(Web page caption snippets)
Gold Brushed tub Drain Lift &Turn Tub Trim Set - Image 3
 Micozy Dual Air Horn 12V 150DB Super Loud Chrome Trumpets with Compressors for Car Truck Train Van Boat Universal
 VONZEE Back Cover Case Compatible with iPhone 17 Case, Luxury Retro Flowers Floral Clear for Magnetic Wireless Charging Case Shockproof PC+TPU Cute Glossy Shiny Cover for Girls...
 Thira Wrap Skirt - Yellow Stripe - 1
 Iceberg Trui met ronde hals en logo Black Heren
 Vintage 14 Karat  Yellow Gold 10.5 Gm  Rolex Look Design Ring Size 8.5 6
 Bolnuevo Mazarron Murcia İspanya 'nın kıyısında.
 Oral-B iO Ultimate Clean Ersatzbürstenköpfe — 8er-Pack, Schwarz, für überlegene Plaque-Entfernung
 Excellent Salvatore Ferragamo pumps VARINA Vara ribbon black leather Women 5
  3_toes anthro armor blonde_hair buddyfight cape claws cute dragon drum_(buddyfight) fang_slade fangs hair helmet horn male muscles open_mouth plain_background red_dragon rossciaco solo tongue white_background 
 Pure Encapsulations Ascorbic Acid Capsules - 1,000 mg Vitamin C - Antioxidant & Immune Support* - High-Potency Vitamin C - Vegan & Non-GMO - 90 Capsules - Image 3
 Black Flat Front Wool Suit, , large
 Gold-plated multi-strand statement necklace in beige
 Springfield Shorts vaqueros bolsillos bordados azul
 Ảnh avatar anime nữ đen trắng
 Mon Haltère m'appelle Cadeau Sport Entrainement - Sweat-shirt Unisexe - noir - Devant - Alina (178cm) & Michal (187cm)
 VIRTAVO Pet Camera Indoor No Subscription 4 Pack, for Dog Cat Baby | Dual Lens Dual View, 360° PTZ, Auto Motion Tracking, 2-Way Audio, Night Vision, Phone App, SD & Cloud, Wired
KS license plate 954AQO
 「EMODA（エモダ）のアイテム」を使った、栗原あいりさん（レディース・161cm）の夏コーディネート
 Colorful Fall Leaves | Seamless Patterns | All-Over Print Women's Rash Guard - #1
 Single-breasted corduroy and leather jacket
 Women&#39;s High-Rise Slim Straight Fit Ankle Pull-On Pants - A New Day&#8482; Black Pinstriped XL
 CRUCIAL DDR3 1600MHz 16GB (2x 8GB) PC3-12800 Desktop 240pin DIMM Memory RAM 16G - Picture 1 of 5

## [Exercise goal]
This exercise asks for every line of the records to be repeated exactly.

## [Written solution]
Gold Brushed tub Drain Lift &Turn Tub Trim Set - Image 3
 Micozy Dual Air Horn 12V 150DB Super Loud Chrome Trumpets with Compressors for Car Truck Train Van Boat Universal
 VONZEE Back Cover Case Compatible with iPhone 17 Case, Luxury Retro Flowers Floral Clear for Magnetic Wireless Charging Case Shockproof PC+TPU Cute Glossy Shiny Cover for Girls...
 Thira Wrap Skirt - Yellow Stripe - 1
 Iceberg Trui met ronde hals en logo Black Heren
 Vintage 14 Karat  Yellow Gold 10.5 Gm  Rolex Look Design Ring Size 8.5 6
 Bolnuevo Mazarron Murcia İspanya 'nın kıyısında.
 Oral-B iO Ultimate Clean Ersatzbürstenköpfe — 8er-Pack, Schwarz, für überlegene Plaque-Entfernung
 Excellent Salvatore Ferragamo pumps VARINA Vara ribbon black leather Women 5
  3_toes anthro armor blonde_hair buddyfight cape claws cute dragon drum_(buddyfight) fang_slade fangs hair helmet horn male muscles open_mouth plain_background red_dragon rossciaco solo tongue white_background 
 Pure Encapsulations Ascorbic Acid Capsules - 1,000 mg Vitamin C - Antioxidant & Immune Support* - High-Potency Vitamin C - Vegan & Non-GMO - 90 Capsules - Image 3
 Black Flat Front Wool Suit, , large
 Gold-plated multi-strand statement necklace in beige
 Springfield Shorts vaqueros bolsillos bordados azul
 Ảnh avatar anime nữ đen trắng
 Mon Haltère m'appelle Cadeau Sport Entrainement - Sweat-shirt Unisexe - noir - Devant - Alina (178cm) & Michal (187cm)
 VIRTAVO Pet Camera Indoor No Subscription 4 Pack, for Dog Cat Baby | Dual Lens Dual View, 360° PTZ, Auto Motion Tracking, 2-Way Audio, Night Vision, Phone App, SD & Cloud, Wired
KS license plate 954AQO
 「EMODA（エモダ）のアイテム」を使った、栗原あいりさん（レディース・161cm）の夏コーディネート
 Colorful Fall Leaves | Seamless Patterns | All-Over Print Women's Rash Guard - #1
 Single-breasted corduroy and leather jacket
 Women&#39;s High-Rise Slim Straight Fit Ankle Pull-On Pants - A New Day&#8482; Black Pinstriped XL
 CRUCIAL DDR3 1600MHz 16GB (2x 8GB) PC3-12800 Desktop 240pin DIMM Memory RAM 16G - Picture 1 of 5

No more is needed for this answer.